- Data
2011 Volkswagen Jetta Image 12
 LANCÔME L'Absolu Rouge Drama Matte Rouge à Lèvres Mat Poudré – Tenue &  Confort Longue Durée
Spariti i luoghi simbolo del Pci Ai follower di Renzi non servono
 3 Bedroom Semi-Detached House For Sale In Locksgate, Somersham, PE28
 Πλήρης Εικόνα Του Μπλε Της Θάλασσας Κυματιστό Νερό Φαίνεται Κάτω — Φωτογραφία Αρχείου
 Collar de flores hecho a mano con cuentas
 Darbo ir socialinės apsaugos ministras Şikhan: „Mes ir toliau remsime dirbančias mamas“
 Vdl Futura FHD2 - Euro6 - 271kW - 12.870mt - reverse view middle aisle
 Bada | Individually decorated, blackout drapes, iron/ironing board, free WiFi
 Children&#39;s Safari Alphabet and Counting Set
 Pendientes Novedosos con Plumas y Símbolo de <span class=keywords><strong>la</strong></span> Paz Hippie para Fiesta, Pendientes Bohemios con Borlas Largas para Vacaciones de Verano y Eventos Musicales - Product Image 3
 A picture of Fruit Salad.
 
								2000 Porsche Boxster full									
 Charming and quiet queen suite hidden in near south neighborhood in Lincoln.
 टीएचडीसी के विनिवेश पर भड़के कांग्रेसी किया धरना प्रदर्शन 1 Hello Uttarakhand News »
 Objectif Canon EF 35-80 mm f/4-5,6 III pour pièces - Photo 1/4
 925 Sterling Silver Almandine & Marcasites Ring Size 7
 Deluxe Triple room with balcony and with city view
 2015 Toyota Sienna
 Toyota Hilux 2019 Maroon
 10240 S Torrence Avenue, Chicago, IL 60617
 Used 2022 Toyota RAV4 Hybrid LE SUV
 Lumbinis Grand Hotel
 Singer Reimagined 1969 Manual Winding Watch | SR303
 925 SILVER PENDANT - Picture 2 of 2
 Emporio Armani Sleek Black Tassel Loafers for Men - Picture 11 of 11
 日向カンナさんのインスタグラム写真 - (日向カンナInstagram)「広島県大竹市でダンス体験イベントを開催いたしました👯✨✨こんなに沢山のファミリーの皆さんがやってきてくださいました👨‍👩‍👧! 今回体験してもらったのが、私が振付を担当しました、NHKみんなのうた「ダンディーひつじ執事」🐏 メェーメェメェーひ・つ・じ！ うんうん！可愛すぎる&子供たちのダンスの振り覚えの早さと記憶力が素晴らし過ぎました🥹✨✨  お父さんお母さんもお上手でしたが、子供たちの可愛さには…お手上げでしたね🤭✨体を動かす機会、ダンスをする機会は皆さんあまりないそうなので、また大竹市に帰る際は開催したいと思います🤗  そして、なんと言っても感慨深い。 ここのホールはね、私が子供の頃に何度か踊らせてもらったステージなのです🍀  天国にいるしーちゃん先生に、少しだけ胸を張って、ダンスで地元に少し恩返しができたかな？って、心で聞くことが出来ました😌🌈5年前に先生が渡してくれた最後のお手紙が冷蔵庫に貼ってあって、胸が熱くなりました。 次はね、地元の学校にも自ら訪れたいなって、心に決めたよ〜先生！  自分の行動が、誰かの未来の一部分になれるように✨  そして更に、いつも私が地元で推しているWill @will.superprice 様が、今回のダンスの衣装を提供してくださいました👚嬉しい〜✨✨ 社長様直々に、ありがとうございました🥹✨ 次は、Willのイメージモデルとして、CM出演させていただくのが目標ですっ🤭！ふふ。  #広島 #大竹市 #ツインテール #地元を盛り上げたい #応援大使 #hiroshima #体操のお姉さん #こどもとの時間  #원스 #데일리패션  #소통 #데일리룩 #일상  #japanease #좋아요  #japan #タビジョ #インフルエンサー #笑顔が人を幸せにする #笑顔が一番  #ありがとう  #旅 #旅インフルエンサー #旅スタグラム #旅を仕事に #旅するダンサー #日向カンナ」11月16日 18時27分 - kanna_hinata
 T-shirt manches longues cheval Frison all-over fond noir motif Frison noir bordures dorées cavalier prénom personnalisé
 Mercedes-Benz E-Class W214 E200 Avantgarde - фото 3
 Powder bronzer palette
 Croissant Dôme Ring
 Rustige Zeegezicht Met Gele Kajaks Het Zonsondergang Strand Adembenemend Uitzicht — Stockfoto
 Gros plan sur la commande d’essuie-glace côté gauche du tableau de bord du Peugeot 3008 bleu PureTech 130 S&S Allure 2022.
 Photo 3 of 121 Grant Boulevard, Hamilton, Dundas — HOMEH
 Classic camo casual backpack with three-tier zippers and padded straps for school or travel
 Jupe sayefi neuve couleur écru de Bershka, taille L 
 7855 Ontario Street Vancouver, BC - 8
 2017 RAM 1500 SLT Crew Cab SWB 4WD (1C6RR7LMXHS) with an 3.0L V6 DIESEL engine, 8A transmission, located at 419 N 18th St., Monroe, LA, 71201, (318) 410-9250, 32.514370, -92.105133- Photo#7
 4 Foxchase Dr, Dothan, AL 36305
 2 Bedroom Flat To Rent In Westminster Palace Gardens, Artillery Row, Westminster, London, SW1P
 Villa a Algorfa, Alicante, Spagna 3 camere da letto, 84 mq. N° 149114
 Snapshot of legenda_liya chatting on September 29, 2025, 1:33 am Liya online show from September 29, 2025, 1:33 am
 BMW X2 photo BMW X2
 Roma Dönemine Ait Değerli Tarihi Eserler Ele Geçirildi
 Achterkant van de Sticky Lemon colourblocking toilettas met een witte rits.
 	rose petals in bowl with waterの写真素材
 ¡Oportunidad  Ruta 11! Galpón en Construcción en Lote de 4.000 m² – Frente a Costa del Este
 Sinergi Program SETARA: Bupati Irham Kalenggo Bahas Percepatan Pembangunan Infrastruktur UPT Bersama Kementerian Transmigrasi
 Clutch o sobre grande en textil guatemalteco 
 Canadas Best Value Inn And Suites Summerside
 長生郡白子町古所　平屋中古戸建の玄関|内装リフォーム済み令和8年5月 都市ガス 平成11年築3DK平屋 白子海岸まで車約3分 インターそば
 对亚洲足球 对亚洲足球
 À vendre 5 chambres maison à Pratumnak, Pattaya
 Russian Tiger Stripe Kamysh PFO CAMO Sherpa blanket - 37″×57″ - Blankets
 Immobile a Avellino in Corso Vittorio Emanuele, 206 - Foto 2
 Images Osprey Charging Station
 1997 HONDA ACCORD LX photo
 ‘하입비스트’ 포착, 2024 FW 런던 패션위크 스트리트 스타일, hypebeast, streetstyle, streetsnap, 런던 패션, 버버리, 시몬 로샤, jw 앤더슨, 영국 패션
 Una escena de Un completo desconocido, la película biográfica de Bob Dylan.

- Description of the task
Without omitting anything, output the data verbatim.

- Answer box
2011 Volkswagen Jetta Image 12
 LANCÔME L'Absolu Rouge Drama Matte Rouge à Lèvres Mat Poudré – Tenue &  Confort Longue Durée
Spariti i luoghi simbolo del Pci Ai follower di Renzi non servono
 3 Bedroom Semi-Detached House For Sale In Locksgate, Somersham, PE28
 Πλήρης Εικόνα Του Μπλε Της Θάλασσας Κυματιστό Νερό Φαίνεται Κάτω — Φωτογραφία Αρχείου
 Collar de flores hecho a mano con cuentas
 Darbo ir socialinės apsaugos ministras Şikhan: „Mes ir toliau remsime dirbančias mamas“
 Vdl Futura FHD2 - Euro6 - 271kW - 12.870mt - reverse view middle aisle
 Bada | Individually decorated, blackout drapes, iron/ironing board, free WiFi
 Children&#39;s Safari Alphabet and Counting Set
 Pendientes Novedosos con Plumas y Símbolo de <span class=keywords><strong>la</strong></span> Paz Hippie para Fiesta, Pendientes Bohemios con Borlas Largas para Vacaciones de Verano y Eventos Musicales - Product Image 3
 A picture of Fruit Salad.
 
								2000 Porsche Boxster full									
 Charming and quiet queen suite hidden in near south neighborhood in Lincoln.
 टीएचडीसी के विनिवेश पर भड़के कांग्रेसी किया धरना प्रदर्शन 1 Hello Uttarakhand News »
 Objectif Canon EF 35-80 mm f/4-5,6 III pour pièces - Photo 1/4
 925 Sterling Silver Almandine & Marcasites Ring Size 7
 Deluxe Triple room with balcony and with city view
 2015 Toyota Sienna
 Toyota Hilux 2019 Maroon
 10240 S Torrence Avenue, Chicago, IL 60617
 Used 2022 Toyota RAV4 Hybrid LE SUV
 Lumbinis Grand Hotel
 Singer Reimagined 1969 Manual Winding Watch | SR303
 925 SILVER PENDANT - Picture 2 of 2
 Emporio Armani Sleek Black Tassel Loafers for Men - Picture 11 of 11
 日向カンナさんのインスタグラム写真 - (日向カンナInstagram)「広島県大竹市でダンス体験イベントを開催いたしました👯✨✨こんなに沢山のファミリーの皆さんがやってきてくださいました👨‍👩‍👧! 今回体験してもらったのが、私が振付を担当しました、NHKみんなのうた「ダンディーひつじ執事」🐏 メェーメェメェーひ・つ・じ！ うんうん！可愛すぎる&子供たちのダンスの振り覚えの早さと記憶力が素晴らし過ぎました🥹✨✨  お父さんお母さんもお上手でしたが、子供たちの可愛さには…お手上げでしたね🤭✨体を動かす機会、ダンスをする機会は皆さんあまりないそうなので、また大竹市に帰る際は開催したいと思います🤗  そして、なんと言っても感慨深い。 ここのホールはね、私が子供の頃に何度か踊らせてもらったステージなのです🍀  天国にいるしーちゃん先生に、少しだけ胸を張って、ダンスで地元に少し恩返しができたかな？って、心で聞くことが出来ました😌🌈5年前に先生が渡してくれた最後のお手紙が冷蔵庫に貼ってあって、胸が熱くなりました。 次はね、地元の学校にも自ら訪れたいなって、心に決めたよ〜先生！  自分の行動が、誰かの未来の一部分になれるように✨  そして更に、いつも私が地元で推しているWill @will.superprice 様が、今回のダンスの衣装を提供してくださいました👚嬉しい〜✨✨ 社長様直々に、ありがとうございました🥹✨ 次は、Willのイメージモデルとして、CM出演させていただくのが目標ですっ🤭！ふふ。  #広島 #大竹市 #ツインテール #地元を盛り上げたい #応援大使 #hiroshima #体操のお姉さん #こどもとの時間  #원스 #데일리패션  #소통 #데일리룩 #일상  #japanease #좋아요  #japan #タビジョ #インフルエンサー #笑顔が人を幸せにする #笑顔が一番  #ありがとう  #旅 #旅インフルエンサー #旅スタグラム #旅を仕事に #旅するダンサー #日向カンナ」11月16日 18時27分 - kanna_hinata
 T-shirt manches longues cheval Frison all-over fond noir motif Frison noir bordures dorées cavalier prénom personnalisé
 Mercedes-Benz E-Class W214 E200 Avantgarde - фото 3
 Powder bronzer palette
 Croissant Dôme Ring
 Rustige Zeegezicht Met Gele Kajaks Het Zonsondergang Strand Adembenemend Uitzicht — Stockfoto
 Gros plan sur la commande d’essuie-glace côté gauche du tableau de bord du Peugeot 3008 bleu PureTech 130 S&S Allure 2022.
 Photo 3 of 121 Grant Boulevard, Hamilton, Dundas — HOMEH
 Classic camo casual backpack with three-tier zippers and padded straps for school or travel
 Jupe sayefi neuve couleur écru de Bershka, taille L 
 7855 Ontario Street Vancouver, BC - 8
 2017 RAM 1500 SLT Crew Cab SWB 4WD (1C6RR7LMXHS) with an 3.0L V6 DIESEL engine, 8A transmission, located at 419 N 18th St., Monroe, LA, 71201, (318) 410-9250, 32.514370, -92.105133- Photo#7
 4 Foxchase Dr, Dothan, AL 36305
 2 Bedroom Flat To Rent In Westminster Palace Gardens, Artillery Row, Westminster, London, SW1P
 Villa a Algorfa, Alicante, Spagna 3 camere da letto, 84 mq. N° 149114
 Snapshot of legenda_liya chatting on September 29, 2025, 1:33 am Liya online show from September 29, 2025, 1:33 am
 BMW X2 photo BMW X2
 Roma Dönemine Ait Değerli Tarihi Eserler Ele Geçirildi
 Achterkant van de Sticky Lemon colourblocking toilettas met een witte rits.
 	rose petals in bowl with waterの写真素材
 ¡Oportunidad  Ruta 11! Galpón en Construcción en Lote de 4.000 m² – Frente a Costa del Este
 Sinergi Program SETARA: Bupati Irham Kalenggo Bahas Percepatan Pembangunan Infrastruktur UPT Bersama Kementerian Transmigrasi
 Clutch o sobre grande en textil guatemalteco 
 Canadas Best Value Inn And Suites Summerside
 長生郡白子町古所　平屋中古戸建の玄関|内装リフォーム済み令和8年5月 都市ガス 平成11年築3DK平屋 白子海岸まで車約3分 インターそば
 对亚洲足球 对亚洲足球
 À vendre 5 chambres maison à Pratumnak, Pattaya
 Russian Tiger Stripe Kamysh PFO CAMO Sherpa blanket - 37″×57″ - Blankets
 Immobile a Avellino in Corso Vittorio Emanuele, 206 - Foto 2
 Images Osprey Charging Station
 1997 HONDA ACCORD LX photo
 ‘하입비스트’ 포착, 2024 FW 런던 패션위크 스트리트 스타일, hypebeast, streetstyle, streetsnap, 런던 패션, 버버리, 시몬 로샤, jw 앤더슨, 영국 패션
 Una escena de Un completo desconocido, la película biográfica de Bob Dylan.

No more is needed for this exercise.